Big data can bring huge benefits to businesses of all sizes. However, as with any business project, proper preparation and planning is essential, especially when it comes to infrastructure. Until recently it was hard for companies to get into big data without making heavy infrastructure investments (expensive data warehouses, software, analytics staff, etc.). But times have changed. Cloud computing in particular has opened up a lot of options for using big data, as it means businesses can tap into big data without having to invest in massive on-site storage and data processing facilities.

In order to get going with big data and turn it into insights and business value, it’s likely you’ll need to make investments in the following key infrastructure elements: data collection, data storage, data analysis, and data visualization/output. Let’s look at each area in turn.

Data collection

This is where the data arrives. It includes everything from your sales records, customer database, feedback, social media channels, marketing lists, email archives and any data gleaned from monitoring or measuring aspects of your operations. You may already have the data you need, but chances are you need to source some or all of the data required.
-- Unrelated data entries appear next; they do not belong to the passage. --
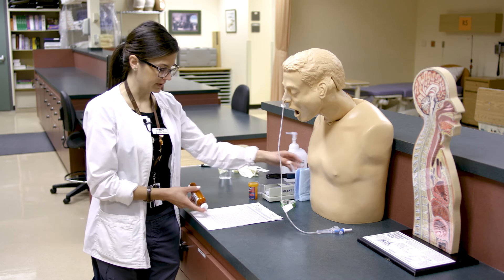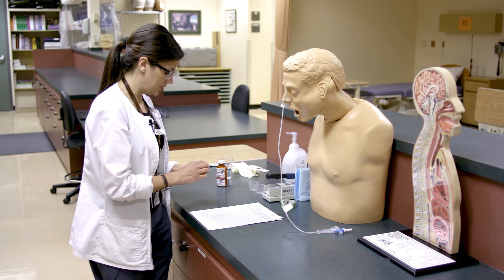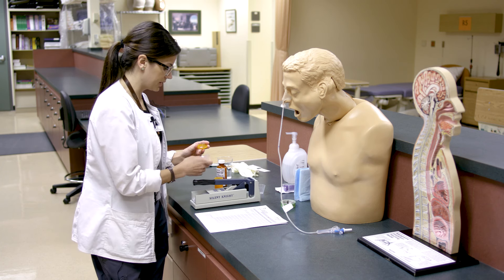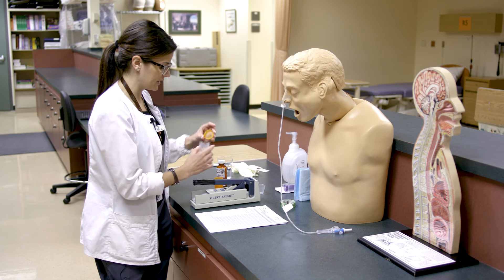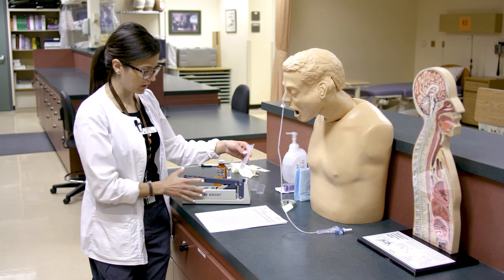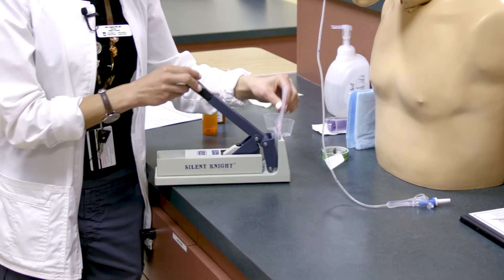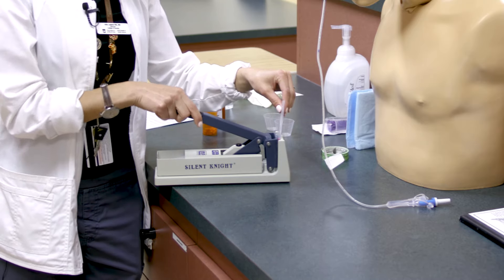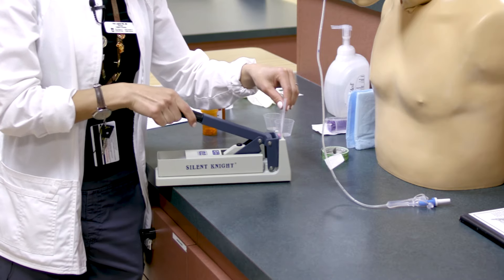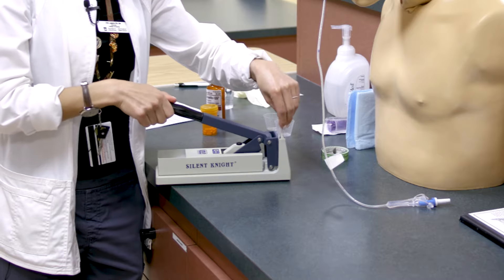We'll start with our Benadryl — we just need one tablet. It's helpful to put it into the cap. We've washed our hands before starting, so if we do need to touch the tablet, we touch it as little as possible. This is the Silent Knight, probably the most common pill crusher. You put the pill in the baggie and place it behind the pulverizer. It helps to gently crush it first — if you just press hard you'll create an indent in the bag and the pill remnants get stuck. Angle it and move the pill around while crushing for a more even result.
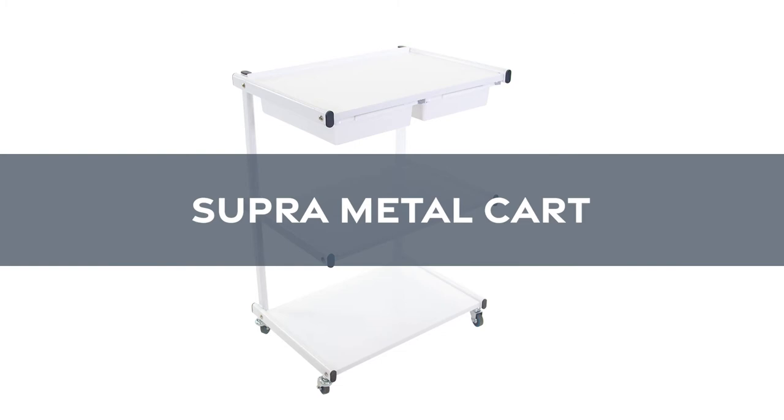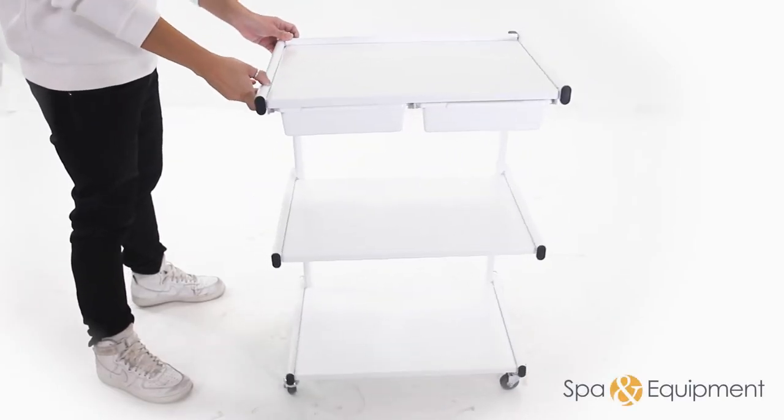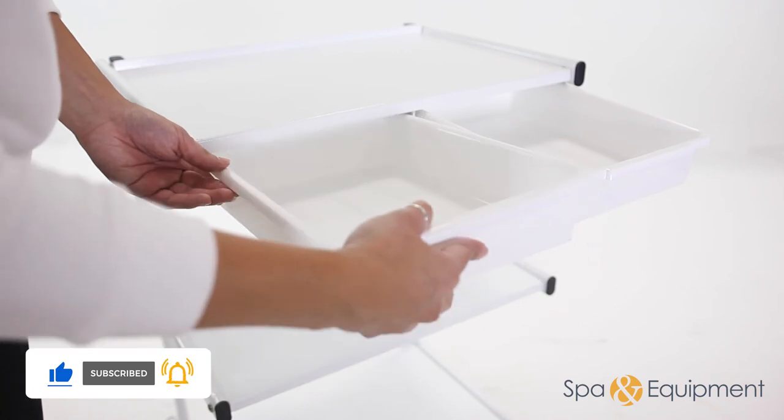Introducing the SupraMetal Cart by SkinAct. This cart is the perfect choice for usage on hardwood floors for its incredibly soft rubber caster wheels. The two detachable top trays are ideal for storing supplies and tools.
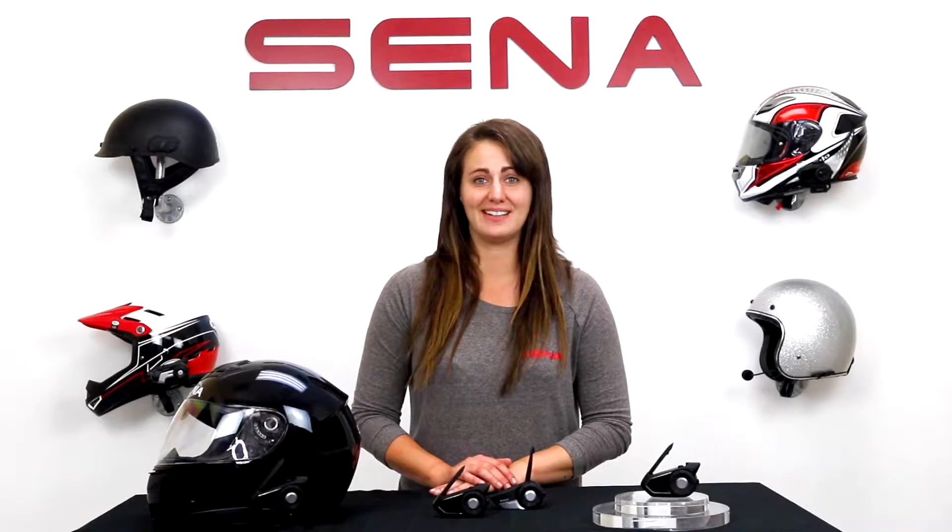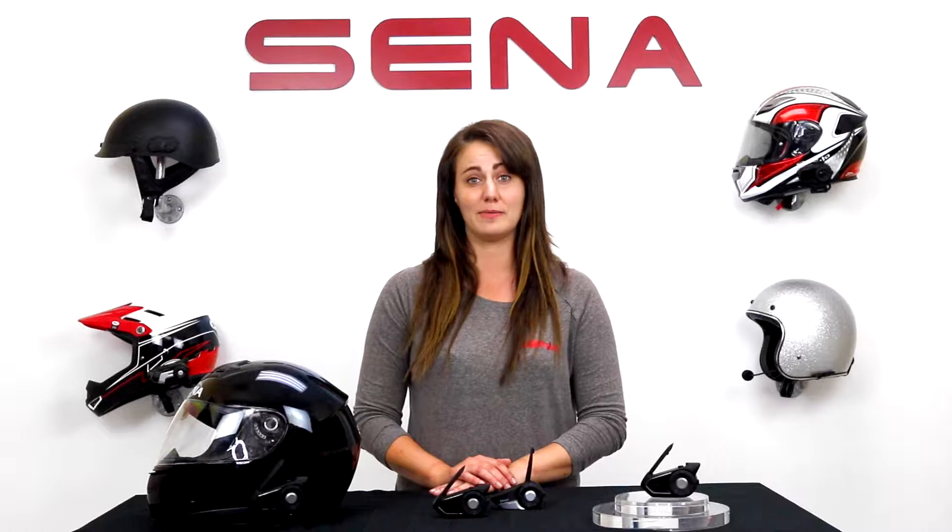Hey everyone, Alyssa here from Senna. We've gone over public mode and private mode for your 30k. If you missed those videos, the link is in the description below.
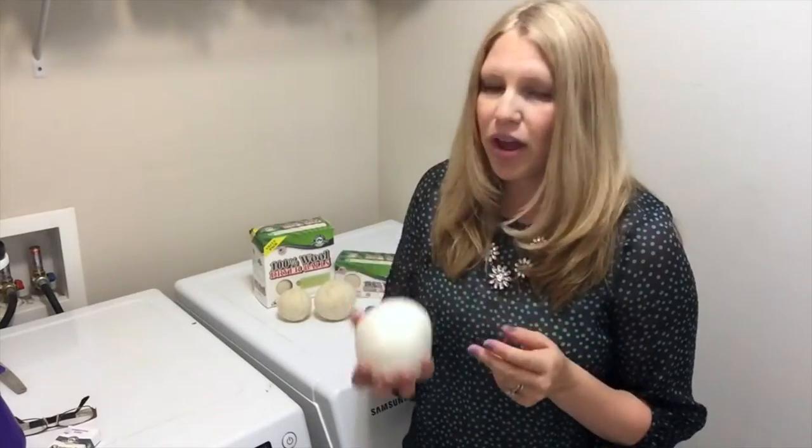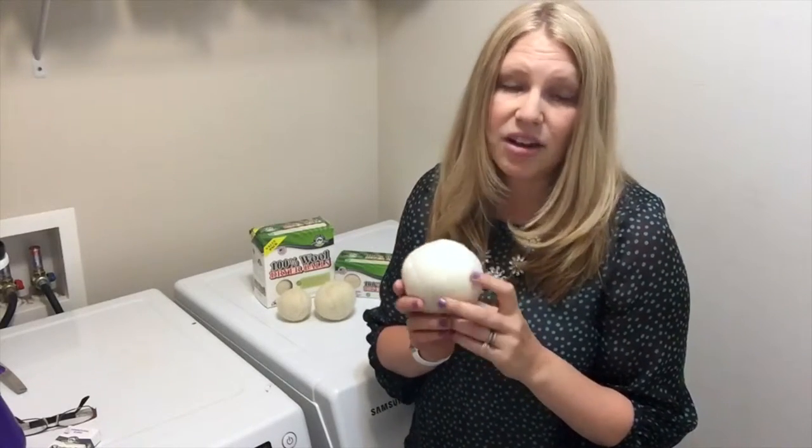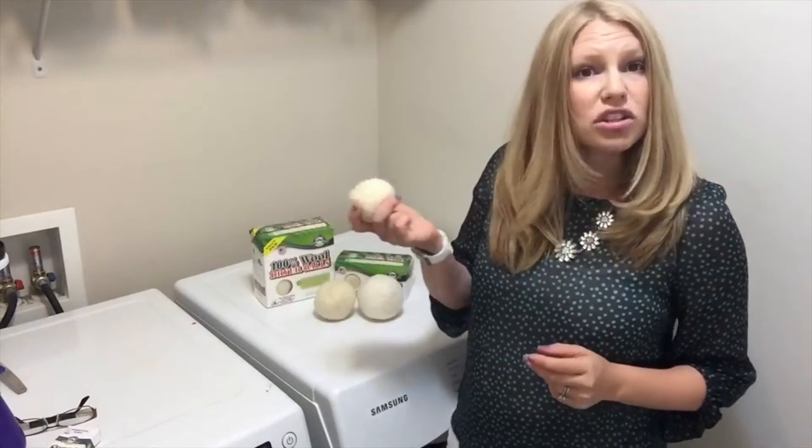Because it's so heavy, it's going to get down into your laundry, separate your clothing more, and help your clothes dry even faster. The large ones do work — you just need more of them.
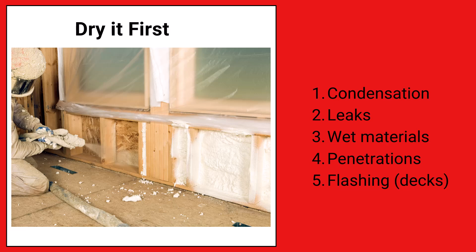Dry it first. I know this picture isn't a rim joist — they're insulating and air sealing a living space here — but what you've got to be mindful of is that if you spray closed cell spray foam on wet wood, it will create a huge problem. There can be condensation on the wood when there's a major temperature difference between outside and inside, so make sure that wood is dry. Also make sure you don't have leaks from above — if a window is leaking, for example, that could ruin the job tremendously.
If you do need to source new data, this may require new infrastructure investments. Infrastructure requirements for capturing data depend on the type or types of data required, but key options might include: sensors (that could sit in devices, machines, buildings, or on vehicles, packaging, or anywhere else you would like to capture data from); apps which generate user data (for example, a customer app which allows customers to order more easily); CCTV video; beacons (such as iBeacons changes to your website that prompt customers for more information; and social media profiles.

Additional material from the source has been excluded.